All articles and lessons say " when connecting an inductor with a dc source, the first value on the inductor will be almost the same as the dc source value, then dropes gradually". How, we know that the induced voltage equals to the value of L multiplied by di/dt, so they should say that the value on the inductor at the first point, will be L di/dt, not " almost the source value".

If we consider the induced voltage to be almost the same as the source value, so any inductor with any value of L will produce the same value of Vind at the first moment!!!!!!

I think we can produced higher values of the induced voltage ( also may be higher than the source itself) if the number of turns were high enough.

I also read the lesson " Inductors and calculus ", the instructor considered a virtual experiement by connecting a neon lamp in parallel with the inductor, he said ' after closing the switch , the voltage on the coil will be the same as the source, where the source was 6 volts, so the neon lamp will not be lite, but after opening the switch (note that the inductor has very big number of turns) the neon lamp will be lite, why not at the begining?

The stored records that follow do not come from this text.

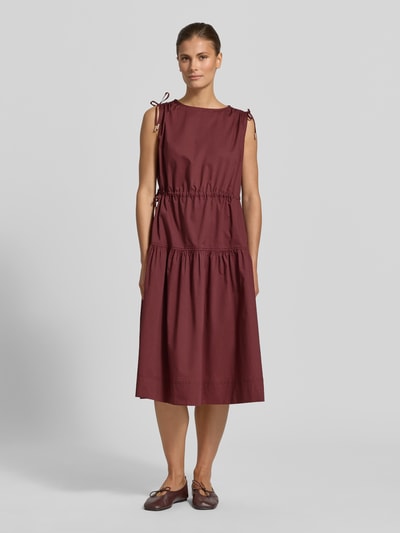 Frauenmodel trägt Midikleid im Stufen-Look mit Rundhalsausschnitt von Christian Berg Woman, Reine Baumwolle, A-Linie, Ganzkörperansicht von vorne. Rückenlänge bei Größe 36: 110 cm, Brustweite bei Größe 36: 52 cm. Warmer Bordeauxton, glatte Textur.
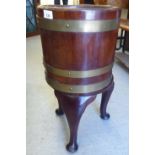A George III mahogany brass banded wine cooler, on a matched stand  23"h  12"dia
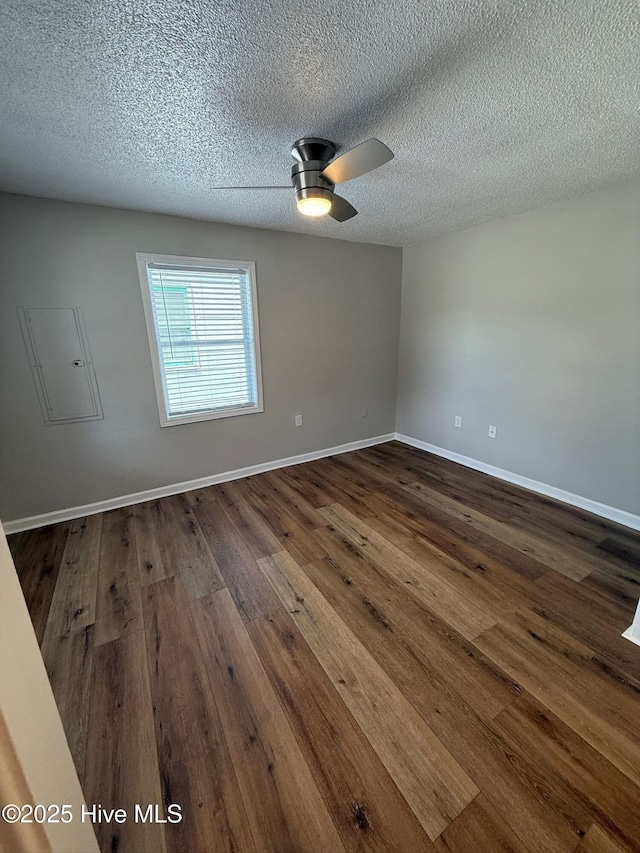 1415 Glenn St, Wilmington, NC 28401 - spare room with electric panel, dark wood-style floors, ceiling fan, and a textured ceiling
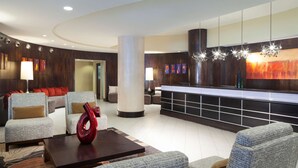 A lobby with seating, a reception desk, and artwork on the walls. - DoubleTree by Hilton El Paso Downtown (El Paso)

plz give me more explaination, thanks alot

2. ### t_n_k AAC Fanatic!

Mar 6, 2009
5,448
789
Consider the case of an ideal 10V DC voltage source connected via an ideal [non-arcing] switch to an ideal 10H inductor in parallel with an ideal 1000Ω resistor.

At time t=0 the switch is closed and current begins to flow in the circuit.
For the parallel resistor the current jumps immediately to a constant 10mA.
For the ideal inductor the current rises linearly at the rate of 1A/sec - based on Ldi/dt.

Suppose at time t=1second the switch is opened - no arcing of the switch occurs.

What do we observe after the switch is opened?

The current in the inductor at t=1 sec is 1A and will now be flowing via the resistor rather than from the DC source. If the 1000Ω resistor has a current of 1A flowing then the voltage across it (and the inductor) will be 1000V - rather than the original 10V from the source. Additionally, the voltage across both the resistor and inductor will be of the opposite polarity to that observed when the 10V source was connected via the switch.

What led to this condition? When the inductor was connected to the 10V source it was accumulating energy in the magnetic field set up within it by the current flow - the inductor was being "charged" by the current drawn from the 10V source in the time interval from 0 to 1 second.

As time progresses from 1 second onwards, this stored energy will be progressively dissipated as heat in the resistor. At some point in time all the stored magnetic energy will be lost as heat and current will no longer flow. This is where the concept of the circuit time constant also arises. The decay of current in the circuit is governed by a "natural" exponential relationship whose time constant is determined by the values [physical properties] of L and R.

3. ### fankoushat Thread Starter New Member

Mar 8, 2010
17
0
OK, Thanks for this answer alot, but what is the case if we connect a 10V dc battery with 1000 ohm pure resistor and 10 H pure inductor in series??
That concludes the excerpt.